Required work -
Repeat the listing below exactly.

Dataset -
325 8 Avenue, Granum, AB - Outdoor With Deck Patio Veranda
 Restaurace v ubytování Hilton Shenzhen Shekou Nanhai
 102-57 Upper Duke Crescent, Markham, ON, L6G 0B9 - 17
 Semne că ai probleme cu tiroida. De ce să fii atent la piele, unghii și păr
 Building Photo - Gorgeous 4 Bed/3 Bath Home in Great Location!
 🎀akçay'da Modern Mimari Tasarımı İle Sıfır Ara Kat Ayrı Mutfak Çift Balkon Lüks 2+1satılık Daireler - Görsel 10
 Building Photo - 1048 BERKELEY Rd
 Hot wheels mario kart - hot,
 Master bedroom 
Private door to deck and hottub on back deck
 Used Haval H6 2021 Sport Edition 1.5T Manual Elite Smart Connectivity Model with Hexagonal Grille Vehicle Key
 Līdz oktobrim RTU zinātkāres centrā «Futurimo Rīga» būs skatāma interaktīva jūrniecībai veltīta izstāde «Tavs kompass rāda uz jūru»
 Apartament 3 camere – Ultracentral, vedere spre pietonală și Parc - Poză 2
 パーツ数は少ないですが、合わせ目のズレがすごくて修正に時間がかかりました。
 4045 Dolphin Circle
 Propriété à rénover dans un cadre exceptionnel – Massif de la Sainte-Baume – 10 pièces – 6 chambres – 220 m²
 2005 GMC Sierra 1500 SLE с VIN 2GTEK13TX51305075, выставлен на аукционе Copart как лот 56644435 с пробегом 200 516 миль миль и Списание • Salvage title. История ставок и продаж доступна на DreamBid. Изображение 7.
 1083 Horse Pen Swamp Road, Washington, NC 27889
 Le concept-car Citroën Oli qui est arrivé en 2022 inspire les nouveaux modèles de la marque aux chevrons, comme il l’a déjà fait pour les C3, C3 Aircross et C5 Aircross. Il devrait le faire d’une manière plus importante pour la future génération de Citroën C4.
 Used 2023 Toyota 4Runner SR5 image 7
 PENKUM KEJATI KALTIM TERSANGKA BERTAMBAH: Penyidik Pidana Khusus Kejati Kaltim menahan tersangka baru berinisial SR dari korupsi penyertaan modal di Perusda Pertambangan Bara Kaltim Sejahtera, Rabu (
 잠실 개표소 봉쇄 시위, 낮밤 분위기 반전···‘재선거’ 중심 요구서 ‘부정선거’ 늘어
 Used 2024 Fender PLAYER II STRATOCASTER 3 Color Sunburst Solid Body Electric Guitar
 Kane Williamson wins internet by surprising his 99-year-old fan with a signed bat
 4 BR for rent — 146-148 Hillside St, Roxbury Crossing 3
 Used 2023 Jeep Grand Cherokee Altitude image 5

Solution to the exercise -
325 8 Avenue, Granum, AB - Outdoor With Deck Patio Veranda
 Restaurace v ubytování Hilton Shenzhen Shekou Nanhai
 102-57 Upper Duke Crescent, Markham, ON, L6G 0B9 - 17
 Semne că ai probleme cu tiroida. De ce să fii atent la piele, unghii și păr
 Building Photo - Gorgeous 4 Bed/3 Bath Home in Great Location!
 🎀akçay'da Modern Mimari Tasarımı İle Sıfır Ara Kat Ayrı Mutfak Çift Balkon Lüks 2+1satılık Daireler - Görsel 10
 Building Photo - 1048 BERKELEY Rd
 Hot wheels mario kart - hot,
 Master bedroom 
Private door to deck and hottub on back deck
 Used Haval H6 2021 Sport Edition 1.5T Manual Elite Smart Connectivity Model with Hexagonal Grille Vehicle Key
 Līdz oktobrim RTU zinātkāres centrā «Futurimo Rīga» būs skatāma interaktīva jūrniecībai veltīta izstāde «Tavs kompass rāda uz jūru»
 Apartament 3 camere – Ultracentral, vedere spre pietonală și Parc - Poză 2
 パーツ数は少ないですが、合わせ目のズレがすごくて修正に時間がかかりました。
 4045 Dolphin Circle
 Propriété à rénover dans un cadre exceptionnel – Massif de la Sainte-Baume – 10 pièces – 6 chambres – 220 m²
 2005 GMC Sierra 1500 SLE с VIN 2GTEK13TX51305075, выставлен на аукционе Copart как лот 56644435 с пробегом 200 516 миль миль и Списание • Salvage title. История ставок и продаж доступна на DreamBid. Изображение 7.
 1083 Horse Pen Swamp Road, Washington, NC 27889
 Le concept-car Citroën Oli qui est arrivé en 2022 inspire les nouveaux modèles de la marque aux chevrons, comme il l’a déjà fait pour les C3, C3 Aircross et C5 Aircross. Il devrait le faire d’une manière plus importante pour la future génération de Citroën C4.
 Used 2023 Toyota 4Runner SR5 image 7
 PENKUM KEJATI KALTIM TERSANGKA BERTAMBAH: Penyidik Pidana Khusus Kejati Kaltim menahan tersangka baru berinisial SR dari korupsi penyertaan modal di Perusda Pertambangan Bara Kaltim Sejahtera, Rabu (
 잠실 개표소 봉쇄 시위, 낮밤 분위기 반전···‘재선거’ 중심 요구서 ‘부정선거’ 늘어
 Used 2024 Fender PLAYER II STRATOCASTER 3 Color Sunburst Solid Body Electric Guitar
 Kane Williamson wins internet by surprising his 99-year-old fan with a signed bat
 4 BR for rent — 146-148 Hillside St, Roxbury Crossing 3
 Used 2023 Jeep Grand Cherokee Altitude image 5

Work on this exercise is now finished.